The three popular pillars of Donald Trump’s electoral success have been grievances about immigrants, unfair trade practices by other countries, and American “forever wars” overseas.
The last one of these beefs was legitimate and fueled by the interventionist U.S. superpower’s major quagmires or debacles in Cuba, Vietnam, Cambodia, Laos, Iran, Lebanon, Somalia, Iraq, Libya and Afghanistan.
As an example, a recent op-ed by John F. Sopko, who, as special inspector general for Afghanistan reconstruction since 2012, chronicled the profligate waste of lives and money during the latter half of the two-decade U.S. fiasco in Afghanistan, convincingly argued that bureaucratic incentives in the U.S. military and other agencies to claim success rendered the truth of failure to long be kept from American taxpayers. That problem can be found in the other American catastrophic failures as well.

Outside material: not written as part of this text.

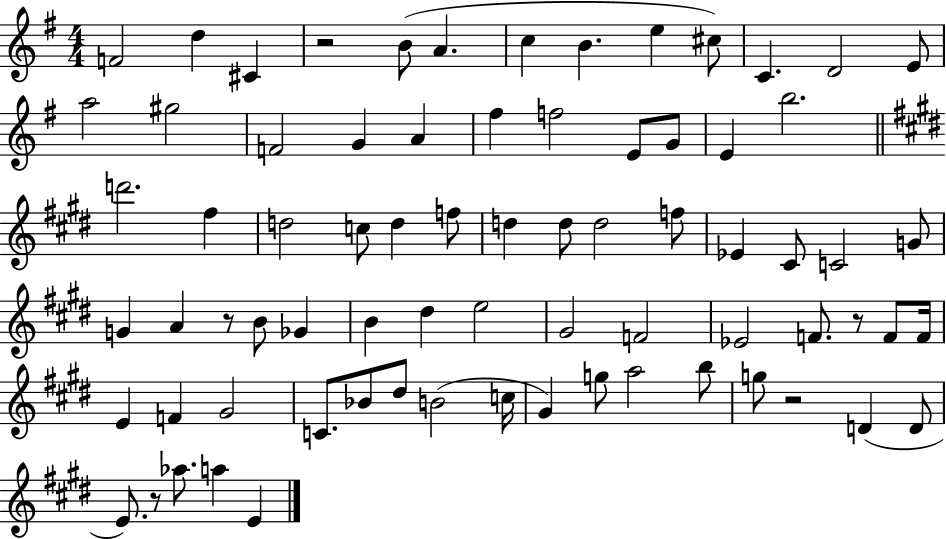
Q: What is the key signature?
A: G major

To his credit, during his first presidential term Trump had concluded the Afghan War was a loser, signed an agreement with the Taliban to withdraw U.S. forces from Afghanistan, but failed to carry it out before he left office. Joe Biden, his successor, after a short delay, agreed with Trump about the war and took a big hit in the popularity of his new administration when the U.S.-supported Afghan regime collapsed rapidly during the American troop withdrawal, leading to some chaos and more American and Afghan deaths.
Biden’s bad experience is why politicians and bureaucrats stay in foreign quagmires; because they don’t want to be tarred with the almost inevitable friction and blame that comes with cutting national losses and exiting.
Thus, during his second term, because of his prior campaign rhetoric about ending forever wars, Trump might be expected to be leery of using threats or intimidation that could lead to armed conflict or even a long-term military bog abroad.
Yet during the interregnum between his recent election and inauguration, he has complained about high fees to transit the Panama Canal and threatened to take it back (presumably with military force since the Panamanians are unlikely to volunteer giving back the Canal Zone), menacingly demanded to buy Greenland, and joked about making Canada the 51st state.
Finally, during the campaign, Trump was asked by Fox News about launching cross-border military attacks on Mexican drug cartels and replied, “Mexico is gonna have to straighten it out really fast, or the answer is absolutely.” Mark Esper, one of Trump’s defense secretaries during his first term, claims Trump asked for military options against the cartels and was barely talked out of ordering them. Trump’s current aides are building the case for employing such drastic options during a second term.
Most of Trump’s implicit or explicit threats so far have been directed at much weaker countries in the Western Hemisphere. Yet during his first term, he also threatened countries in East Asia and the Middle East and took aggressive action in the latter region.
Before doing an about face and trying to negotiate with North Korean leader Kim Jong Un, Trump had implicitly threatened nuclear war with the hermit kingdom by saying that North Korea would be “met with fire and fury and frankly power, the likes of which this world has never seen before.” It also was reported that Trump privately discussed the possibility of using a nuclear weapon on North Korea and blaming it on another country.
In the Middle East, Trump rashly canceled the multilateral agreement with Iran to limit its nuclear program in exchange for the relaxation of economic sanctions and later assassinated the second most powerful Iranian official when he visited Iraq, thus roiling relations with both countries. His proposed appointees for secretary of defense, Pete Hegseth, and ambassador to Israel, Mike Huckabee, oppose Palestinian self-determination and seem to embrace a “Greater Israel.”
This view usually advocates annexing the West Bank and resettling Gaza after Palestinians are removed. Finally, Trump has vowed to put fewer limits on weapons exports to Israel than even the few the Biden administration imposed.
Thus, in a second term, even if Trump avoids U.S. military quagmires on the ground, he may still take or allow allied countries to undertake aggressive military action.
Let’s hope his macho bluster against friendly countries in the hemisphere or adversaries further abroad is just to get some sort of negotiating advantage, because even limited military actions — such as, cross-border attacks against Mexican drug cartels, especially without the Mexican government’s consent —could turn into disastrous bogs if things don’t go well; Vietnam, Iraq and Afghanistan come to mind.
Ivan R. Eland is Senior Fellow at the Independent Institute and director of the Independent Institute’s Center on Peace & Liberty.